= Hazel Stone =

Fictional character

Hazel Stone is a fictional character created by Robert A. Heinlein and featured in The Rolling Stones, The Moon Is a Harsh Mistress, The Cat Who Walks Through Walls, and other novels.

==Appearances==

===The Rolling Stones===
Hazel's first published appearance was as Hazel Stone in The Rolling Stones (1952), where she lives on the Moon with her son, his wife, and their four children. She is portrayed as a cantankerous but capable woman who cares fiercely for her family. She makes many boasts about her youth, in particular her role in the founding of the government ("I know there is free speech on Luna—I wrote it into the constitution myself!"), and complains about the kind of people living in Luna now.

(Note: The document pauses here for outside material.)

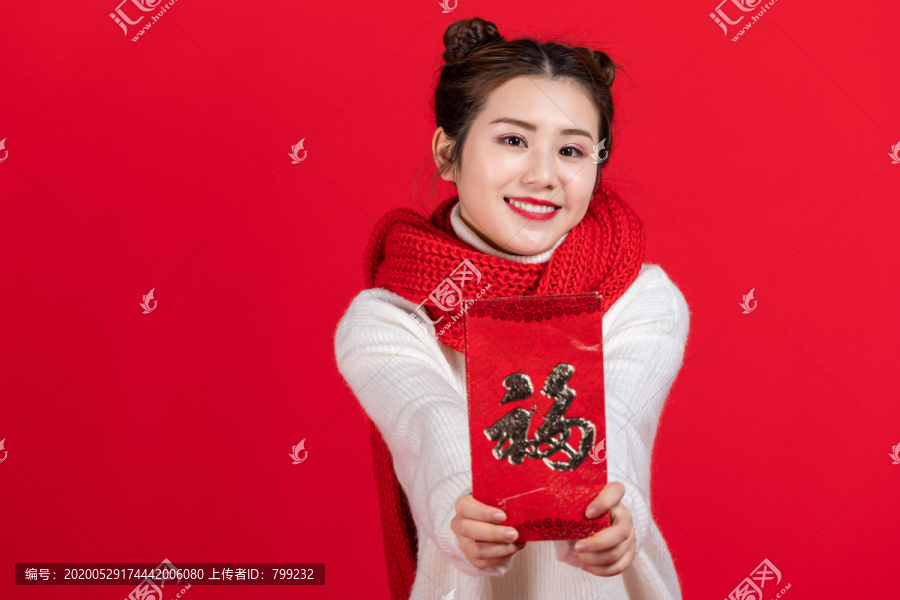 年轻快乐女子庆祝新年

She helps her twin grandsons, Castor and Pollux, convince their father to take the family on a tour of the Solar System. When she departs Luna, she is honored as one of the founders at a reception held by the mayor. She convinces her son to extend the tour, and helps to pay for it by taking over his role as the author of the space opera serial The Scourge of the Spaceways, starring Captain John Sterling. At the end of the novel, the family departs the asteroid belt to head to Saturn.

===The Moon Is a Harsh Mistress===
The character later appears in The Moon Is a Harsh Mistress (1966), which tells the story of the Lunar Revolution and bears out some of her claims. She first appears as a prepubescent child at an anti-government rally, and when armed government agents raid the rally, she is noticed by the main character to be among those who jump into the fight. He later sees her and learns that she is Hazel Meade, an orphan living and working at a crèche. She is recruited into the underground organization plotting to overthrow the government, and is placed in charge of the "Baker Street Irregulars", a group of small children used for observation and distribution of propaganda. She is also one of the people who sign the Lunar Declaration of Independence, and is adopted by the narrator and his family (he is part of a group marriage). At the end of the novel, she marries into the Stone family. (Her maiden name, Meade, is also the name of her granddaughter in The Rolling Stones.)

===The Number of the Beast and The Cat Who Walks Through Walls===
Hazel appears briefly in The Number of the Beast (1980), where she is brought into the larger Heinlein multiverse and interacts with other characters from unrelated Heinlein novels. In The Cat Who Walks Through Walls (1985), Gwen Novak, the female lead, reveals that she is actually Hazel Stone, sent to recruit the lead character in a mission to revive Mycroft Holmes, the computer who helped run the Lunar revolution.